DATA EXTRACT:
◇ ◇ ◇ ◇ ◇

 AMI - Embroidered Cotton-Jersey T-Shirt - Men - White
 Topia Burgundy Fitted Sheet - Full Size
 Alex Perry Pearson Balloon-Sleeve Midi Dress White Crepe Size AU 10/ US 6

◇ ◇ ◇ ◇ ◇

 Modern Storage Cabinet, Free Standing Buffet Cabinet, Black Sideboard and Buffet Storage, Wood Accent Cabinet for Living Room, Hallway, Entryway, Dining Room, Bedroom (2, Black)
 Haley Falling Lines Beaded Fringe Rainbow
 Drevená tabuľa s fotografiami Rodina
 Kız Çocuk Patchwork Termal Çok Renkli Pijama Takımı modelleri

◇ ◇ ◇ ◇ ◇

WHAT YOU WILL DO:
Only the lines above from the one with "Modern Storage Cabinet, Free" up to and including the one with "Drevená tabuľa s fotografiami Rodina" should be repeated, exactly as written.

EXERCISE RESPONSE:
 Modern Storage Cabinet, Free Standing Buffet Cabinet, Black Sideboard and Buffet Storage, Wood Accent Cabinet for Living Room, Hallway, Entryway, Dining Room, Bedroom (2, Black)
 Haley Falling Lines Beaded Fringe Rainbow
 Drevená tabuľa s fotografiami Rodina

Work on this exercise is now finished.